Brief -
Find the line containing "Photo Utpala Mulawkar (@mulawkarutpala) 's Twitter Profile Photo". Reproduce it and every line after it up to the end of the records, exactly as written.

Stored data entries -
########################################
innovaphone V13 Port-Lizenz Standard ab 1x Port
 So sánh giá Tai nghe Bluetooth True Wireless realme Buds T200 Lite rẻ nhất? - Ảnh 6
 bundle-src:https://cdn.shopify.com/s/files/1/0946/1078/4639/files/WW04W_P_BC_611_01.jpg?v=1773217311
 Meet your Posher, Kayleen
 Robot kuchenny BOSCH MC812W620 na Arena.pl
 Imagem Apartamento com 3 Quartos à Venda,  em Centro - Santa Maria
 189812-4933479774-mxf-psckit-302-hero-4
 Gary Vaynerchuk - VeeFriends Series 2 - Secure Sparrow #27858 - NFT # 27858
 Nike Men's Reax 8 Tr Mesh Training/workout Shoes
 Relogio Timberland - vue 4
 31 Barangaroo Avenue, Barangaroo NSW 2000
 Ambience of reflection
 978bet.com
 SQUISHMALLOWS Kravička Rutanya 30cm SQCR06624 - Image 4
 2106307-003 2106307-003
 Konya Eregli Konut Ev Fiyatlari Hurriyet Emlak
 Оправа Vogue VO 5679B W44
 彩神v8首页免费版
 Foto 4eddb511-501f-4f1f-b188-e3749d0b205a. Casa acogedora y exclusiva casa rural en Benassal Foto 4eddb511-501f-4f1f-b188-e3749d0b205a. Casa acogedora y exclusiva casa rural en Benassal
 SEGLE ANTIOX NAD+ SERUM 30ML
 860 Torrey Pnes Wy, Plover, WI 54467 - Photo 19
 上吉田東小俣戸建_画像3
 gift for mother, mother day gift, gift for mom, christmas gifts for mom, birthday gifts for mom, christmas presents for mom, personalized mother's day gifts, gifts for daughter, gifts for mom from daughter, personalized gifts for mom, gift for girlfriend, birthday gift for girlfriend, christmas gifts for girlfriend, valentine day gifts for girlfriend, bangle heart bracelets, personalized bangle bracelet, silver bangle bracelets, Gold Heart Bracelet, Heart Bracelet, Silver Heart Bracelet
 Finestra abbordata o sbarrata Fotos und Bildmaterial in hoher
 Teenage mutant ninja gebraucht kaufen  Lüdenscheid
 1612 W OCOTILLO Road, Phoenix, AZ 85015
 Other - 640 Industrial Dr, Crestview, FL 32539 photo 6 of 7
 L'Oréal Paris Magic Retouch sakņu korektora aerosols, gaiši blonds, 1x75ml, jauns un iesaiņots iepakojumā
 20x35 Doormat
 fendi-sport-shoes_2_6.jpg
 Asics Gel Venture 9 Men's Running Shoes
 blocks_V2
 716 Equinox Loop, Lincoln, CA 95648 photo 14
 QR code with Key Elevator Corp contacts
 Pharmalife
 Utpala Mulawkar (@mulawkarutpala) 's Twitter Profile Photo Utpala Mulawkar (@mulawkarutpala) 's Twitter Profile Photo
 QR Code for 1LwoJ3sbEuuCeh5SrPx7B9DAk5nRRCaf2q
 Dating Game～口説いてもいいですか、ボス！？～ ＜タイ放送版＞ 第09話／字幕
########################################
Exercise result -
 Utpala Mulawkar (@mulawkarutpala) 's Twitter Profile Photo Utpala Mulawkar (@mulawkarutpala) 's Twitter Profile Photo
 QR Code for 1LwoJ3sbEuuCeh5SrPx7B9DAk5nRRCaf2q
 Dating Game～口説いてもいいですか、ボス！？～ ＜タイ放送版＞ 第09話／字幕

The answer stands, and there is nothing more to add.